Anche se non mancano segnali di risveglio dall’incubo green – una moderazione nella legislazione Ue che sembra però un ripiegare tattico in vista delle elezioni di giugno – in Europa siamo ancora lontani da misure simili. Nonostante l’industria europea in settori come automotive e fotovoltaico abbia ormai fiutato la minaccia e sia ormai entrata in modalità panico, Bruxelles non intende procedere con dazi e barriere. Perché? Perché l’industria tedesca è sì spaventata dall’invasione dei prodotti “green” cinesi, ma lo è anche delle possibili rappresaglie di Pechino.

Il che ci conferma che siamo già caduti nella dipendenza dalla Cina come siamo caduti nella dipendenza dal gas russo. L’industria tedesca può permettersi – oggi – il derisking di cui tanto si riempiono la bocca i vertici di Bruxelles. È pronta a riportare indietro le produzioni?

A Goldman non piace più l’elettrico

La frenata sulle auto elettriche ormai non è più un mistero. Ricordiamo le profezie di Mr. Toyota (“non arriveranno a dominare il mercato”) e i tagli di Volkswagen, ma ora registriamo la marcia indietro anche di Goldman Sachs, che in un recente rapporto riconosce la crisi delle EV e suggerisce di puntare sull’ibrido: “Il nostro scenario pessimista su un declino su base annua delle vendite di EV nel 2024 è divenuto più realistico”. L’Europa ha mostrato segnali di stagnazione dall’inizio dell’anno a causa di tre fattori, secondo Goldman: i costi, le ambiguità delle politiche governative, la scarsità di infrastrutture di ricarica rapida.

A noi il rapporto di Goldman sembra ancora troppo reticente. I sussidi statali non possono far miracoli, è evidente una certa saturazione: i pochi che potevano permettersi l’auto elettrica, se la sono comprata. Agli altri non basteranno mai gli incentivi ed è qui che sono pronti a invaderci i marchi cinesi: ci conviene? Una moltiplicazione delle stazioni di ricarica rapida sarebbe incompatibile con le capacità della rete.
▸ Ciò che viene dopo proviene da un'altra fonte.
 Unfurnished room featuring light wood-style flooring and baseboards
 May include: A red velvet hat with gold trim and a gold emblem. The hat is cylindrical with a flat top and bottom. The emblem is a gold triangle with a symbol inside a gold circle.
Se un certo risveglio è in atto, possiamo farci ancora molto male. Il bando delle auto a benzina e diesel è praticamente dietro l’angolo ed è chiaro che l’auto elettrica in Europa o sarà cinese, o non sarà. E un lievissimo sospetto si insinua. Chi pagherà per gli errori strategici commessi dall’industria europea per inseguire le sirene green della politica? I contribuenti, temiamo, come sempre.